**WHAT TO DO:** Look through the records below for the line with "Kleines Badezimmer mit". Return that line and each one after it up to and including the line with "Twelve cans of", exactly.

**DATASET ENTRIES:**
BEGIN
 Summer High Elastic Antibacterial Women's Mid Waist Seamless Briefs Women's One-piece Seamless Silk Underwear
END
BEGIN
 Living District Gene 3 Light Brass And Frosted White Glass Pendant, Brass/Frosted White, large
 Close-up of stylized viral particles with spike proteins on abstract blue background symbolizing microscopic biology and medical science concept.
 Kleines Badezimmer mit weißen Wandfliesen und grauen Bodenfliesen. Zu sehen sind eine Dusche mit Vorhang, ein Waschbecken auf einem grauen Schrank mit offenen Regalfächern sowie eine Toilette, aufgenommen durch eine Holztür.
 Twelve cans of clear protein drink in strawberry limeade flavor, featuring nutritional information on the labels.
END
**EXERCISE OUTPUT:**
 Kleines Badezimmer mit weißen Wandfliesen und grauen Bodenfliesen. Zu sehen sind eine Dusche mit Vorhang, ein Waschbecken auf einem grauen Schrank mit offenen Regalfächern sowie eine Toilette, aufgenommen durch eine Holztür.
 Twelve cans of clear protein drink in strawberry limeade flavor, featuring nutritional information on the labels.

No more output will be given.